The problem is that different words with the same meaning (synonyms) are mapped in different areas of the vector space model. In return, however, identical words with different meanings are mapped to the same areas.
Latent Semantic Indexing
The field of latent semantic indexing deals with the approach to solve this problem. It is based on the three weaknesses of the normally used approach.
The fact that an index usually contains fewer terms than the user expects results in incomplete indexes. On the one hand, this may be due to the fact that the document does not contain the desired terms or that the filter retrieval system does not take into account certain filter criteria. This problem could be addressed in two different ways. On the one hand, one could include dictionaries that allow only a meaning of words. On the other hand, one could give the user the opportunity to clearly define his request and thus the meaning of the terms. Apart from the problem of limitation to a specific vocabulary, both methods fail in the associated workload, which would be required for the definition of the terms by the user or the creation of dictionaries. In addition, the issue causes the problem that terms that occur regularly with certain other terms are not valued differently, as are the terms that rarely occur with other terms. Often used combinations should be weighted higher as combinations rarely occur. If the rare combinations are overvalued, this would have an unwanted impact on the results. Often used combinations should be weighted higher as a result, as combinations rarely occur. If the rare combinations are overvalued, this would have an unwanted impact on the results. Often used combinations should be weighted higher as a result, as combinations rarely occur. If the rare combinations are overvalued, this would have an unwanted impact on the results.

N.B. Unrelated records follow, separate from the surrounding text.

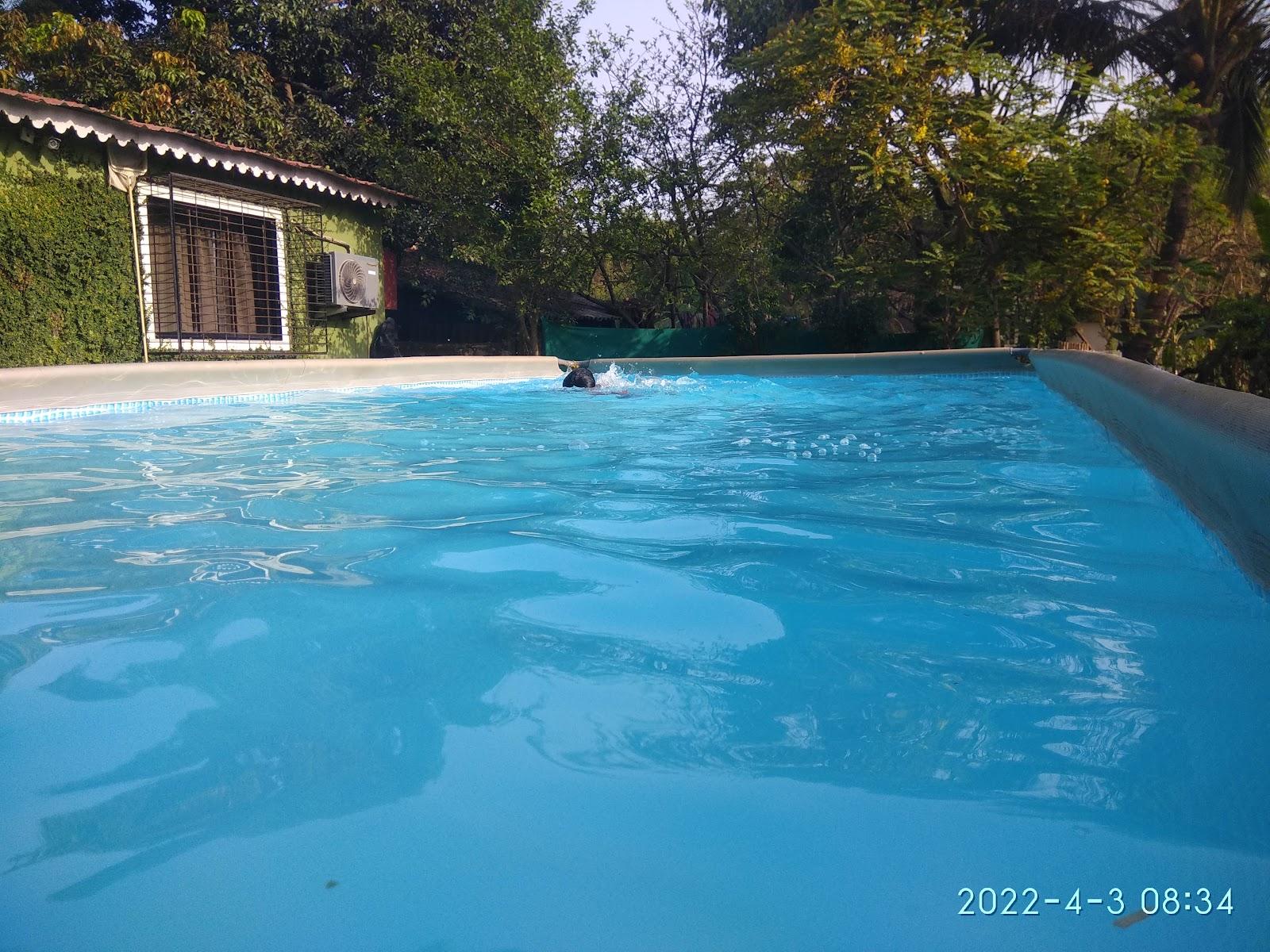 Sun and Shade Farm Resort – photo 2
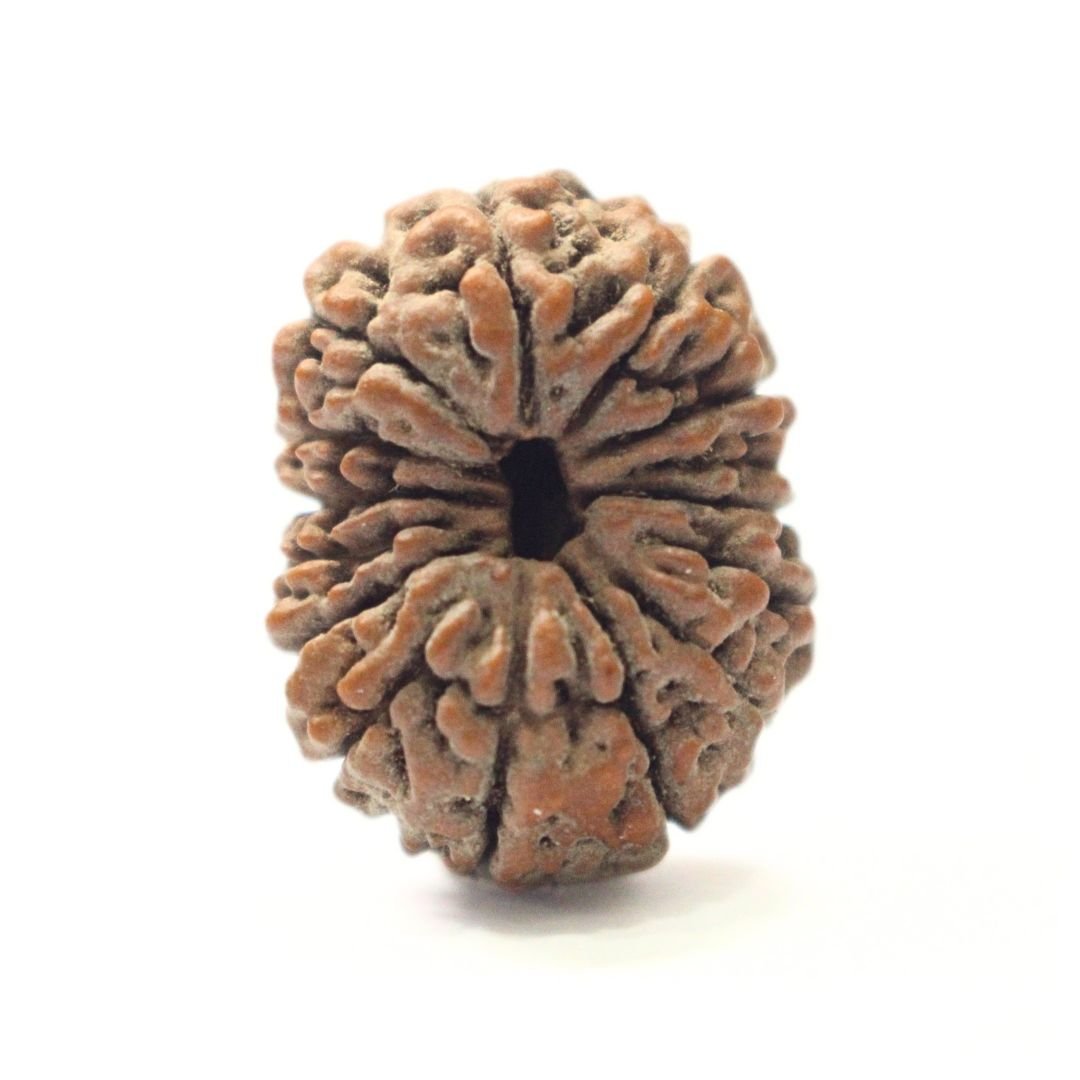 14 Mukhi Rudraksha from Indonesia - 22mm - II - Divine Bead of Lord Hanuman for Courage, Success & Protection | Certified | Rudrastu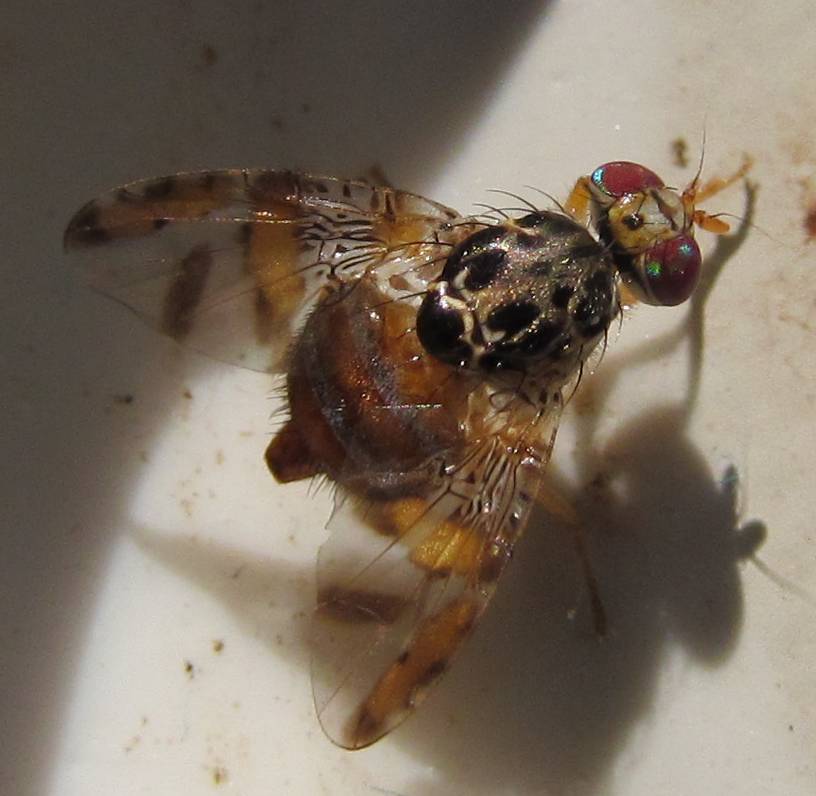 Femmina di Ceratitis capitata (Tephritidae)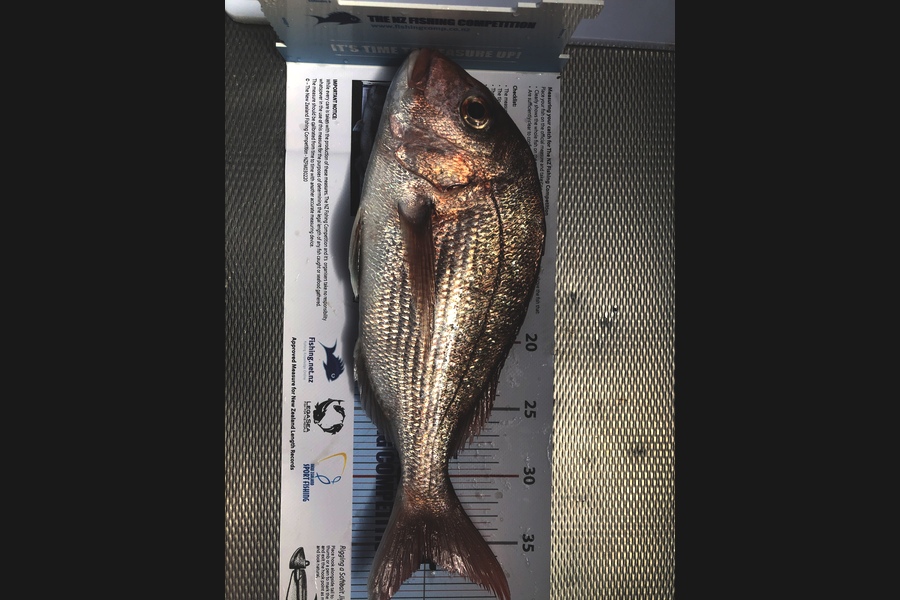 Matthew Crumpton caught this 36.0cm Snapper at Mutuihe during The Export NZ Fishing Competition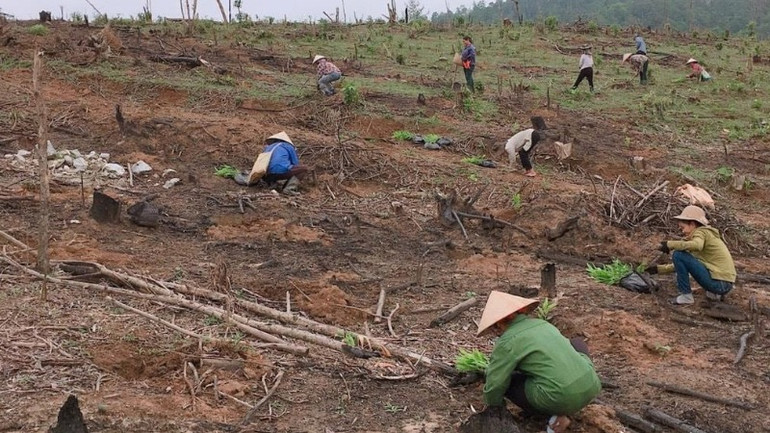 Nghệ An lên kế hoạch trồng 20.000ha rừng nguyên liệu trong năm nay.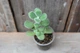 Котиледон войлочный Cotyledon tomentosa - изображение 2
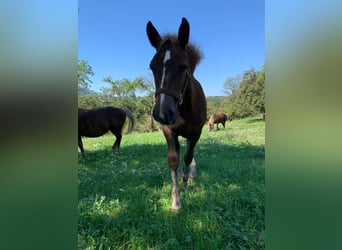 Black Forest Horse, Mare, Foal (04/2025), Chestnut-Red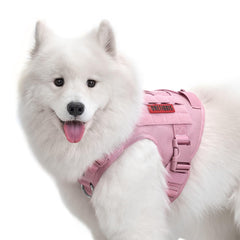 ARNES ONETIGRIS para perro, vista frontal, cómodo y ajustable para caminatas largas.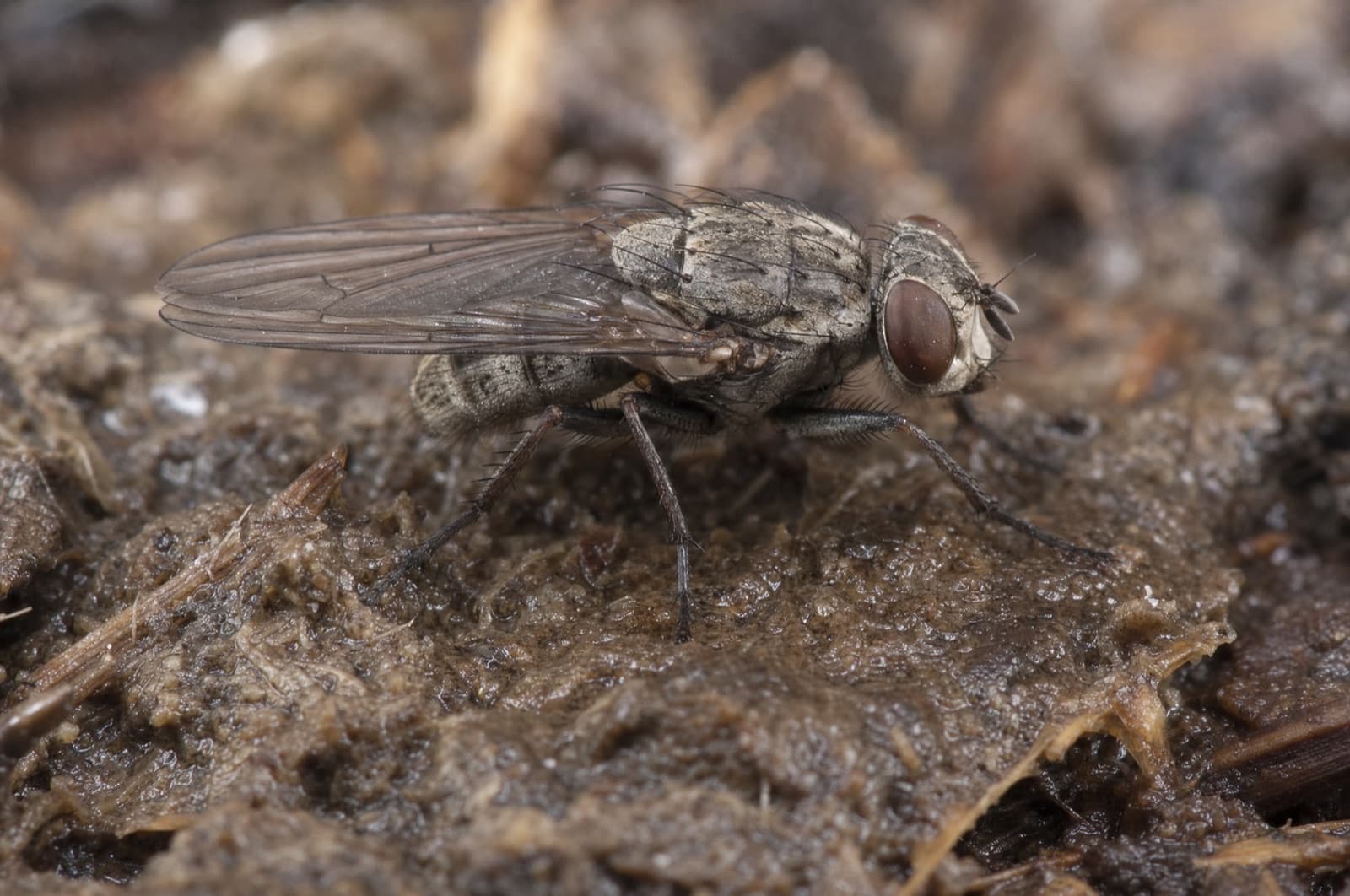 Stable Fly — species photo
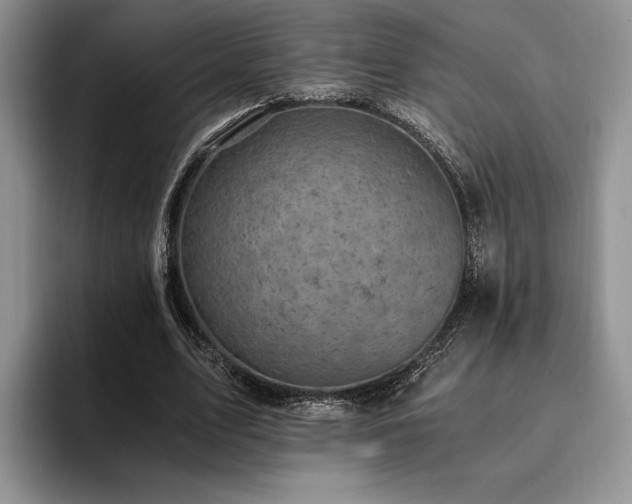 X0000096140583200801181134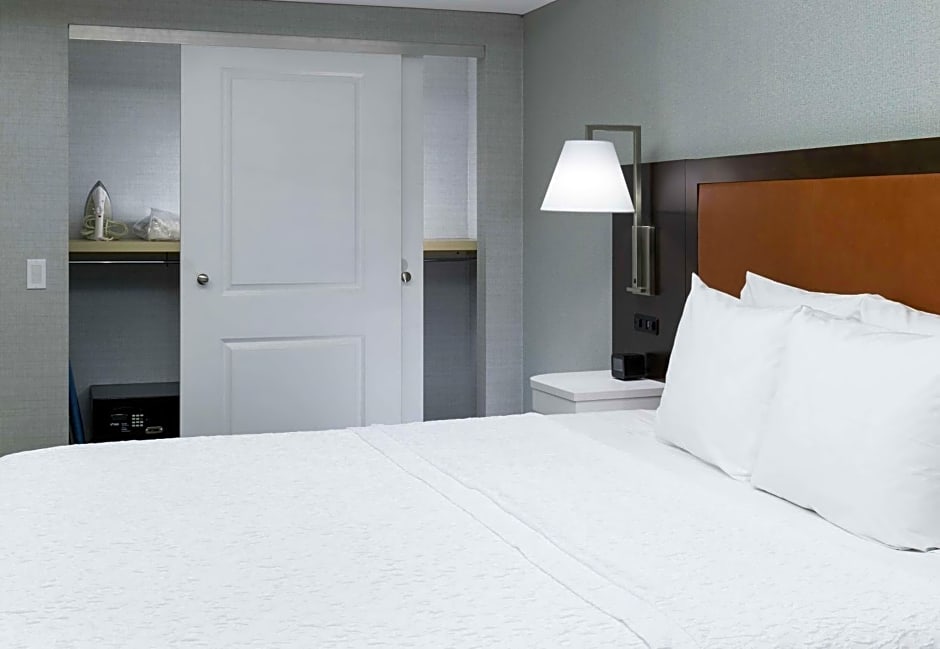 Hampton Inn By Hilton And Suites Memphis-Beale Street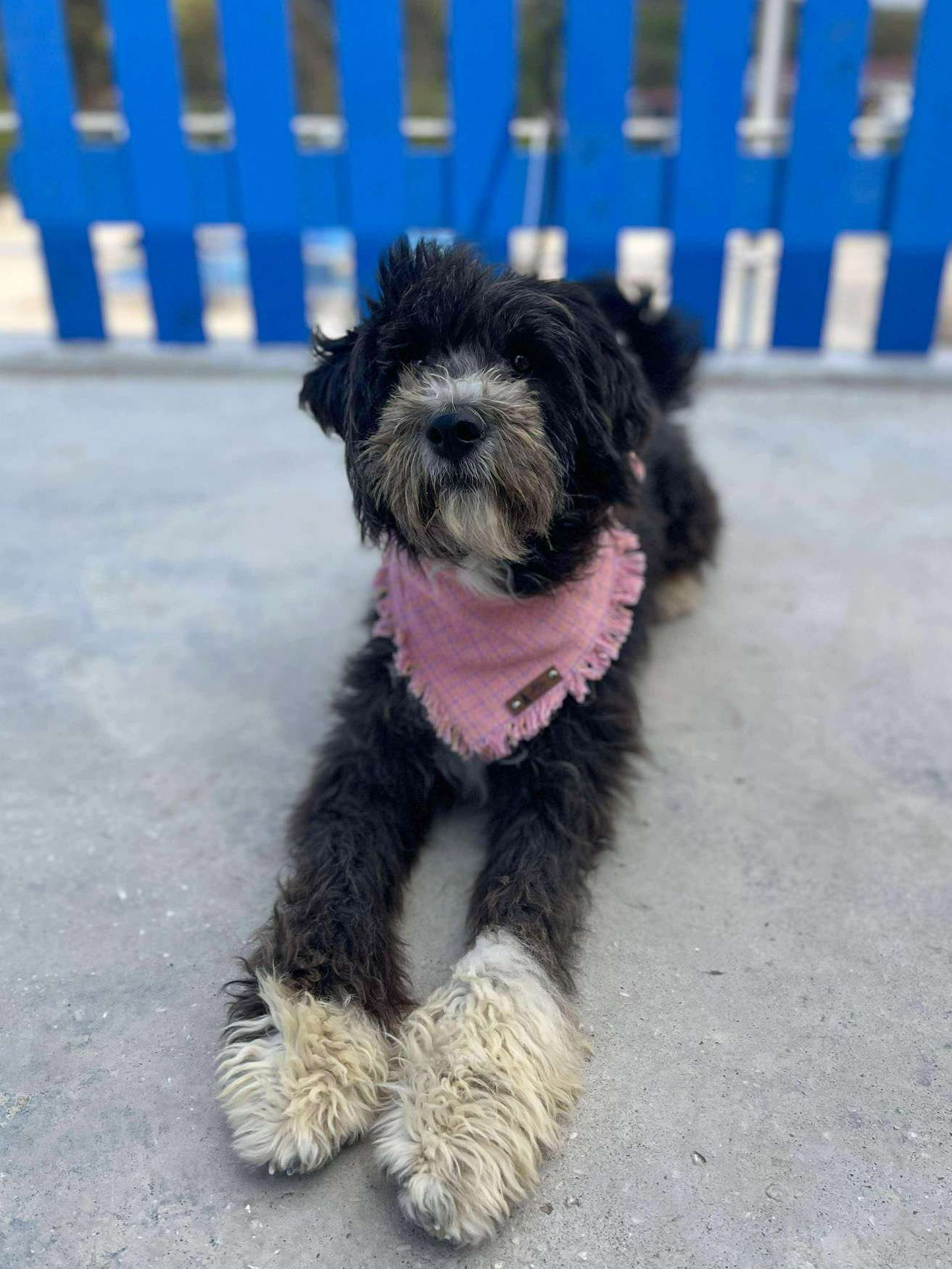 Effie  APPLICATION LIMIT EXCEEDED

All 3 mentioned problems are attacked in the Latent Semantic Indexing. This method does not take into account the meaning of a word. Rather, the method uses linear algebra and statistical methods to find term clusters that describe particular concepts. There are no specifications for these clusters, because specifications are given of the probability of the occurrence of a term. Because of this, concepts can now be adapted that describe the terms that occur regularly together. In contrast to before, where all terms needed different dimensions, dimensions are now brought together to a common concept. Merging leads to just as much accuracy that documents are now included in the search query, which contain only a part of the terms. The new concept of dimensions reduces not only the influence of a missing term, but also the previous problems of polysemy. This happens because now groups of statistically connected terms form a common dimension and the meaning of the polysem is explained by the other summarized terms. Reducing the dimensions can diminish the space of the indexes.
The request by the users are filtered by information retrieval using the previously mentioned methods. But despite the filtering, the user is still faced with a gigantic number of relevant documents. Additional tools are needed for analysis to recognize the structures within a text and give the user the opportunity to extract the information they are looking for. For this purpose, the approaches of computational linguistics, statistical language processing and the exploitation of macrostructure in texts has been examined in more detail in the next part of this series.